[INSTRUCTIONS TO FOLLOW]:
In the data below, find the line containing "froehlich-cge139-cge01481"; transcribe it and each line after it exactly, through the last, skipping pictures.

───── EXERCISE MATERIAL ─────

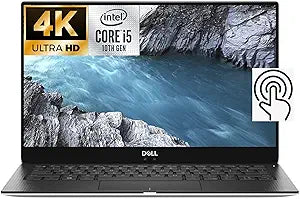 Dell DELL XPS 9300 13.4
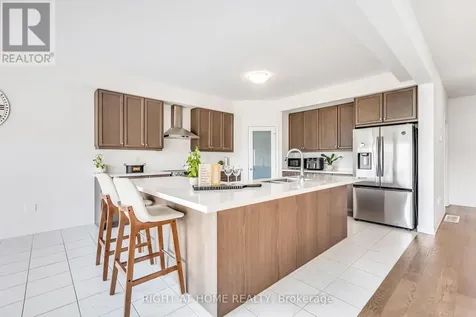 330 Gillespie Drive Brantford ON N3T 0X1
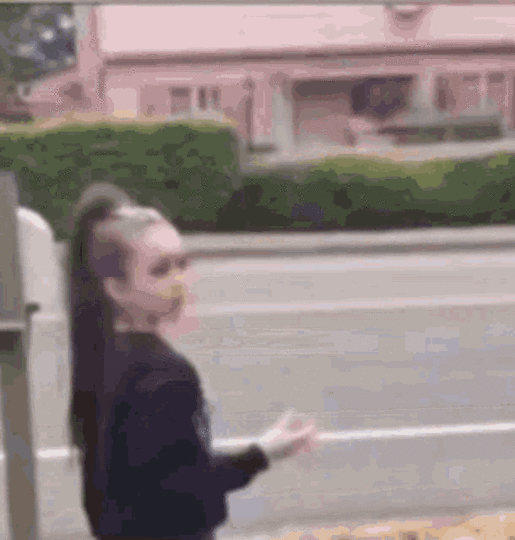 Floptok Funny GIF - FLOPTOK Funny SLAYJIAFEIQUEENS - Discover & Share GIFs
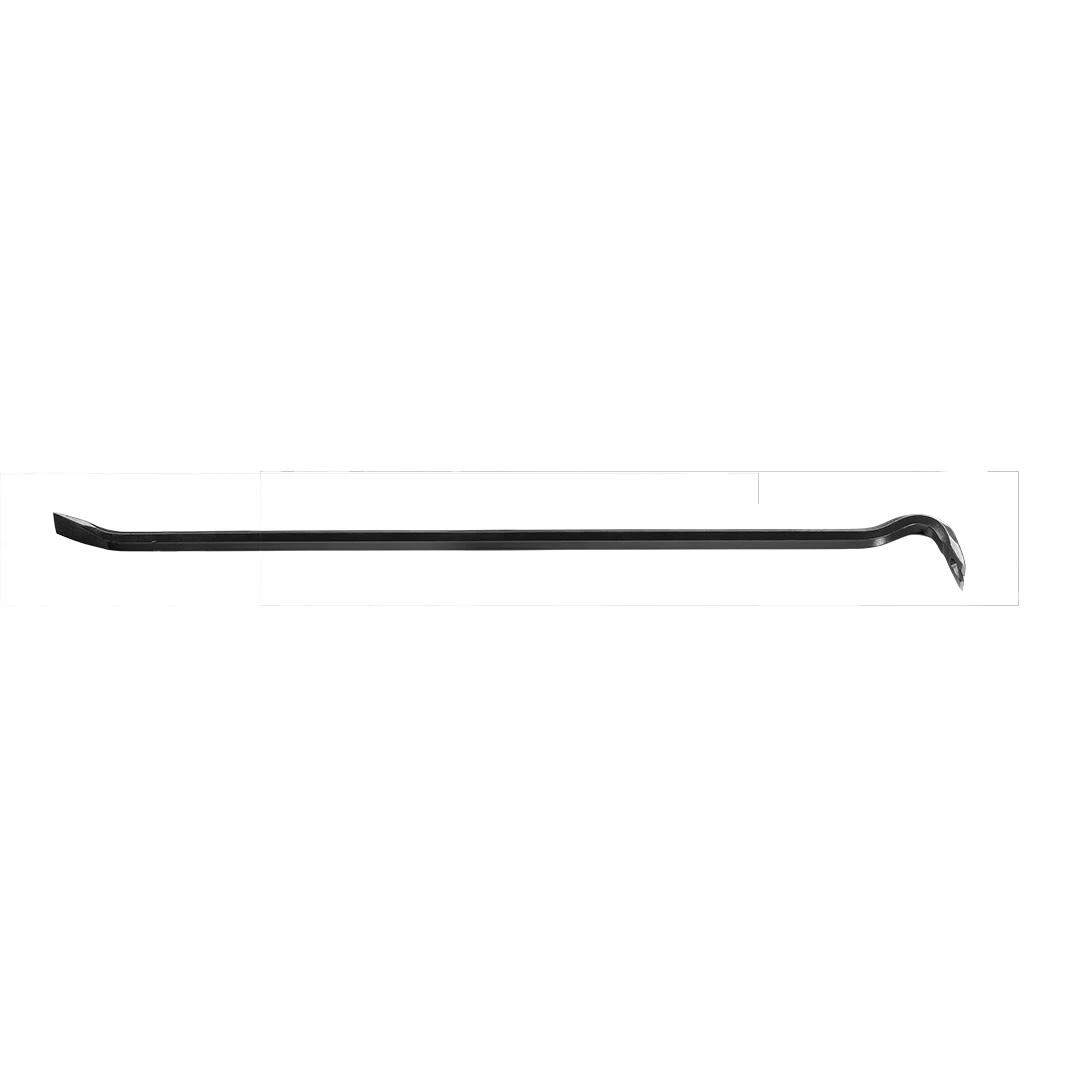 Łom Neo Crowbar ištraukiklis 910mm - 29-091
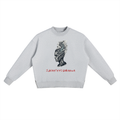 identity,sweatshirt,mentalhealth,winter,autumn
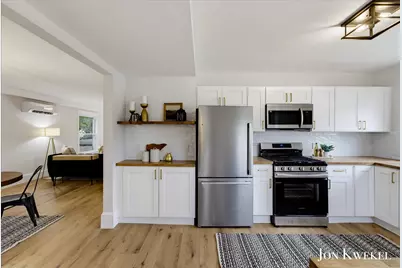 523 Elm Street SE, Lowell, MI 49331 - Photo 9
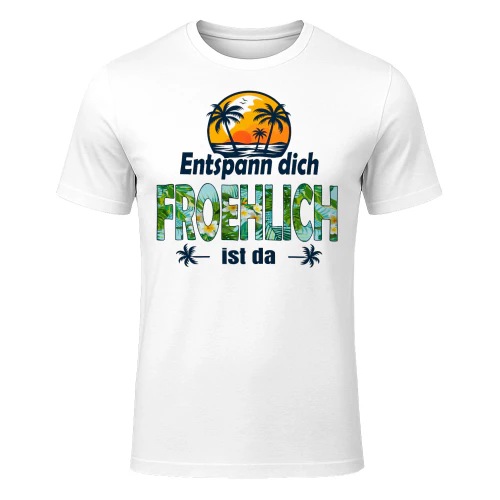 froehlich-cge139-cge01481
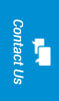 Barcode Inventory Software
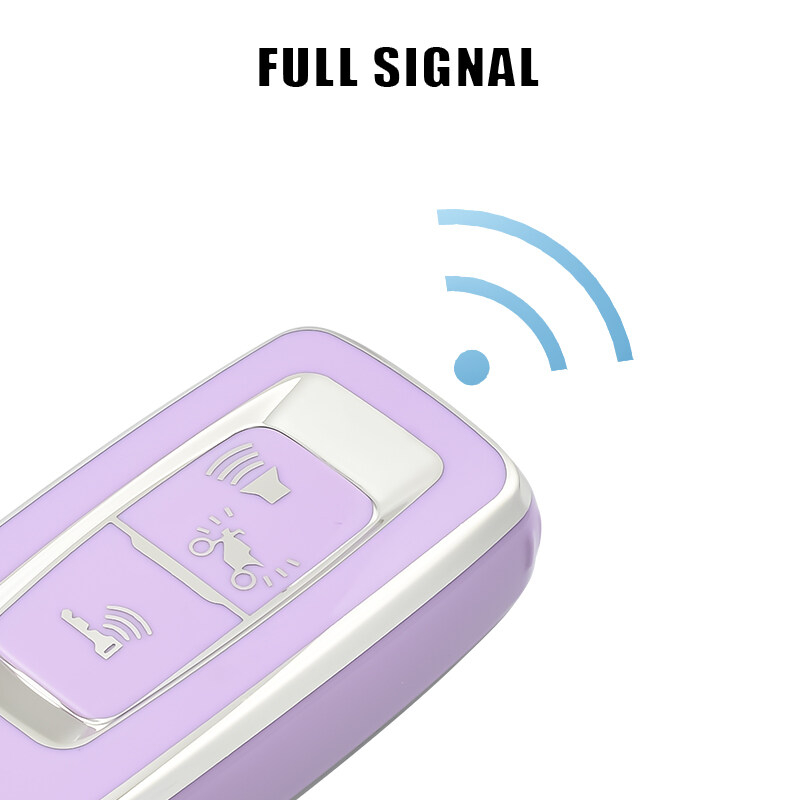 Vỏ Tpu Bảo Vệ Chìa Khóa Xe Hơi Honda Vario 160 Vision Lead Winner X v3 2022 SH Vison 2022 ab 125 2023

─────

[ANSWER FOR THE TASK]:
 froehlich-cge139-cge01481
 Barcode Inventory Software
 Vỏ Tpu Bảo Vệ Chìa Khóa Xe Hơi Honda Vario 160 Vision Lead Winner X v3 2022 SH Vison 2022 ab 125 2023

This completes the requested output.